WHAT YOU WILL DO — Pictures are not part of the copy; repeat everything else in the records exactly.

RECORDS FOR THIS TASK —
Segment Open

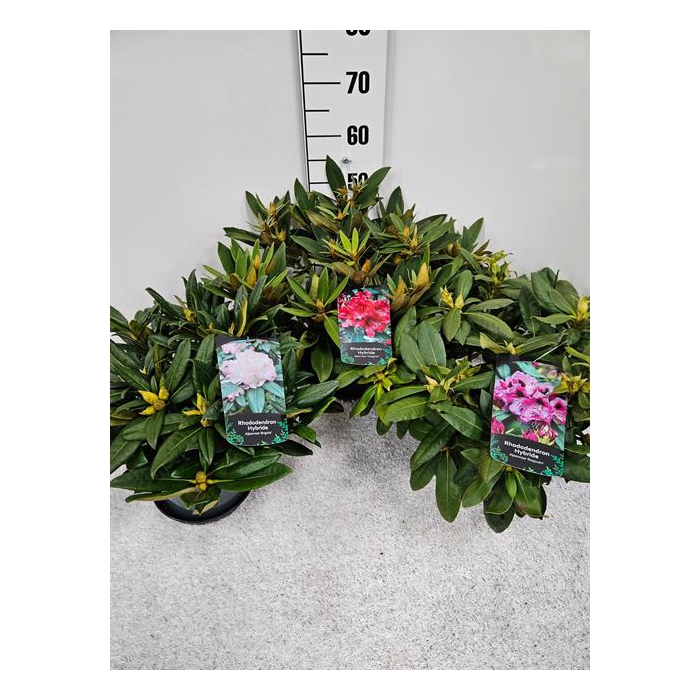 <h4>Rhododendron mix 23Ø 40cm</h4>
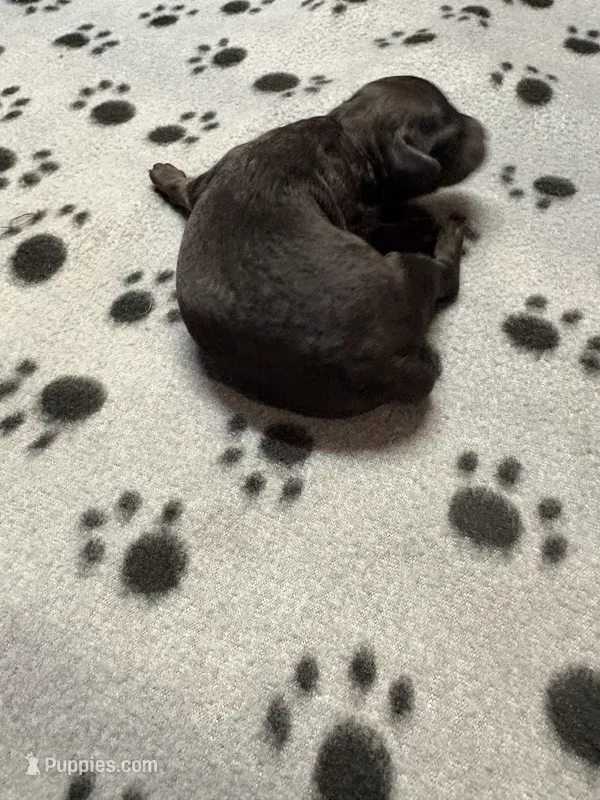 Kenny – Poodle - Miniature  puppy on hold in Pine City, MN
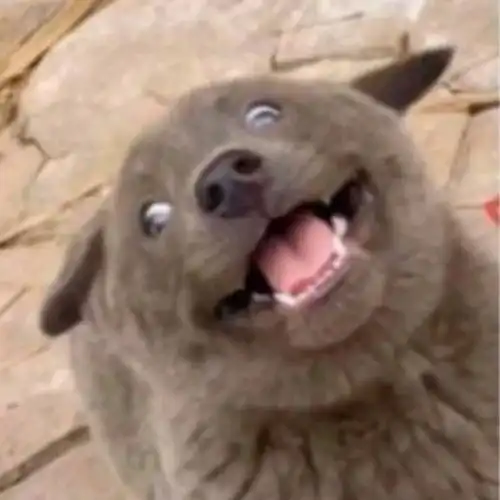 为什么还会有人说小枫自私啊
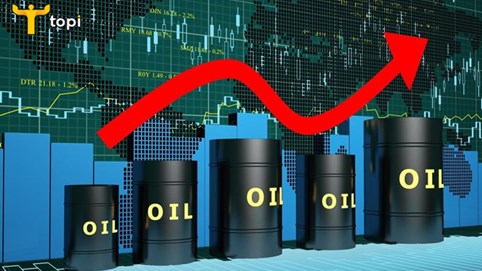 Cổ phiếu dầu khí chưa giúp nhà đầu tư “tránh bão” khi thị trường bất lợi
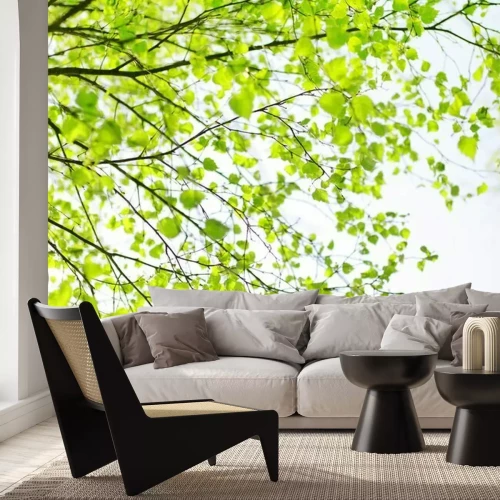 Fototapete Blühende Blätter am Frühlingsbaum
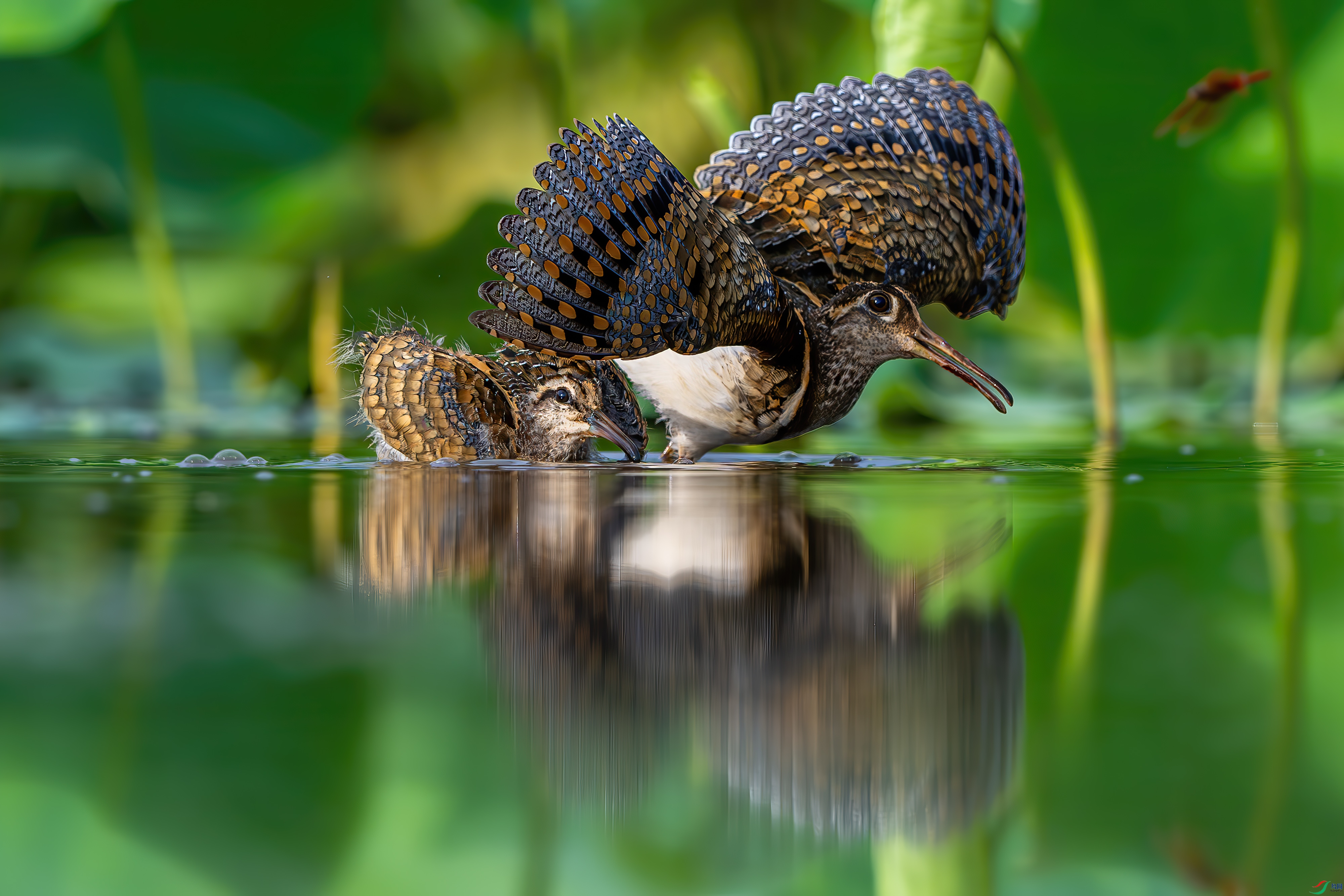 DSC_3991-����ǿ-NRx.jpg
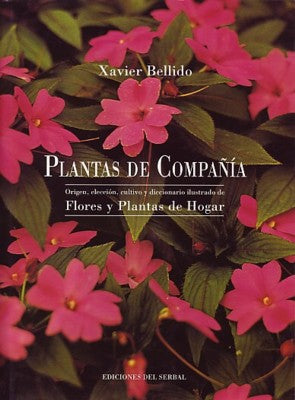 Plantas de compañía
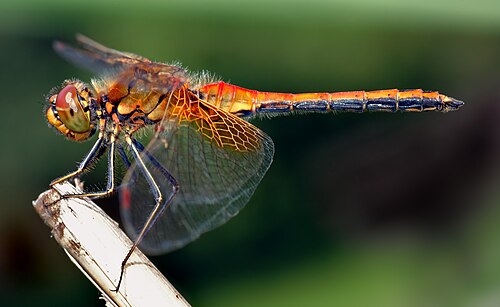 <p>dragonflies (libelle)</p>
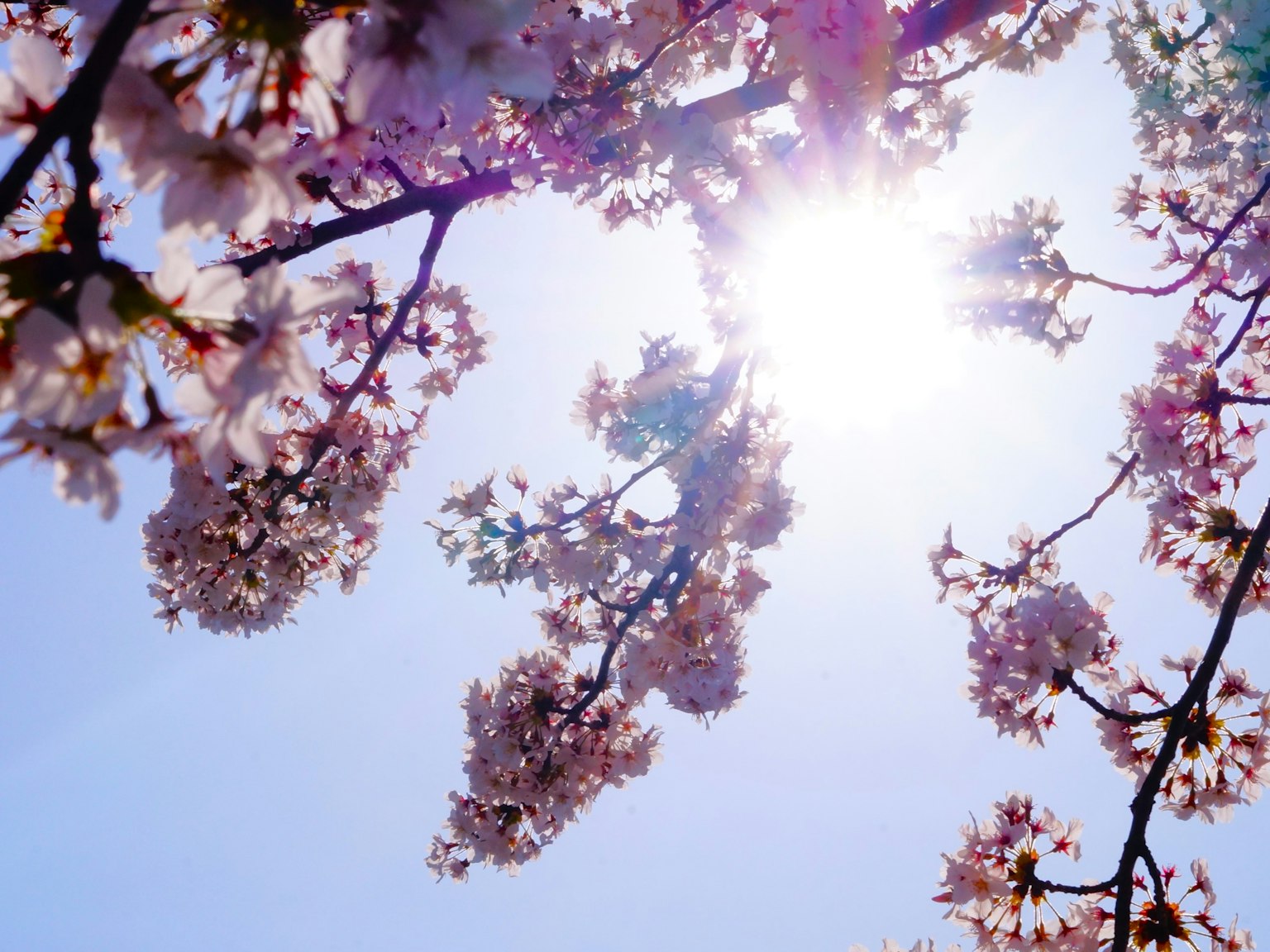 Fleurs de cerisier contre un ciel bleu éclatant avec lumière du soleil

Segment Closed

ANSWER AREA —
 <h4>Rhododendron mix 23Ø 40cm</h4>
 Kenny – Poodle - Miniature  puppy on hold in Pine City, MN
 为什么还会有人说小枫自私啊
 Cổ phiếu dầu khí chưa giúp nhà đầu tư “tránh bão” khi thị trường bất lợi
 Fototapete Blühende Blätter am Frühlingsbaum
 DSC_3991-����ǿ-NRx.jpg
 Plantas de compañía
 <p>dragonflies (libelle)</p>
 Fleurs de cerisier contre un ciel bleu éclatant avec lumière du soleil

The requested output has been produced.